━━━ MATERIAL PROVIDED
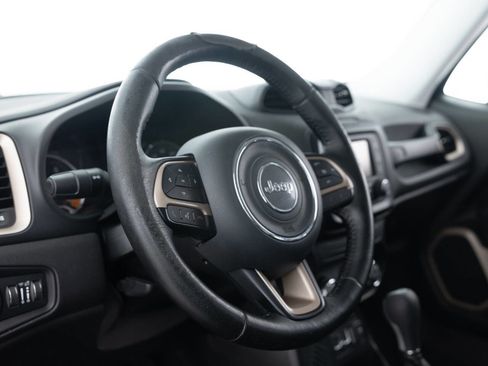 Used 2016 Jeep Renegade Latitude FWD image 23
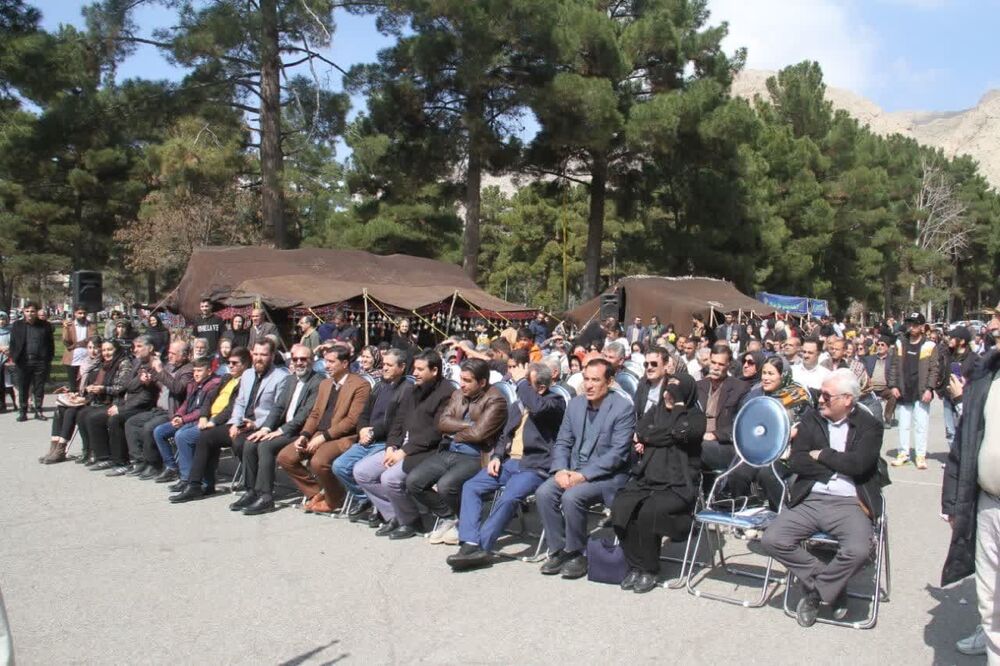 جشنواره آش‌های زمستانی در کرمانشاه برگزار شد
━━━━━━
━━━ MATERIAL PROVIDED
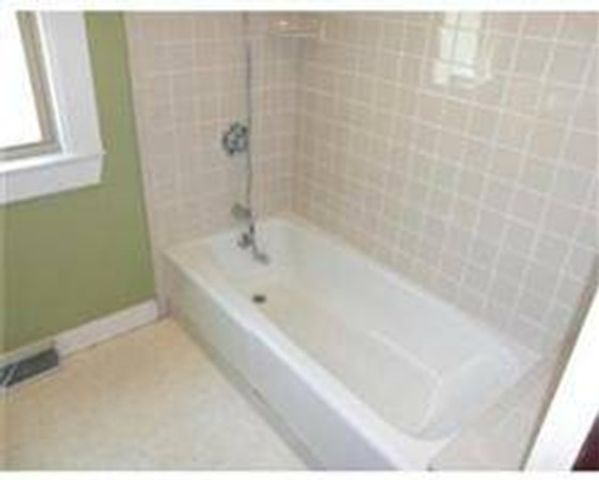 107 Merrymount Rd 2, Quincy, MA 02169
━━━━━━
TASK TO COMPLETE -
Quote the lines above exactly, starting with the one that has "Used 2016 Jeep" and ending with the one that has "جشنواره آش‌های زمستانی در کرمانشاه برگزار شد"; drop the pictures and include nothing else.

ANSWER TO THE EXERCISE -
 Used 2016 Jeep Renegade Latitude FWD image 23
 جشنواره آش‌های زمستانی در کرمانشاه برگزار شد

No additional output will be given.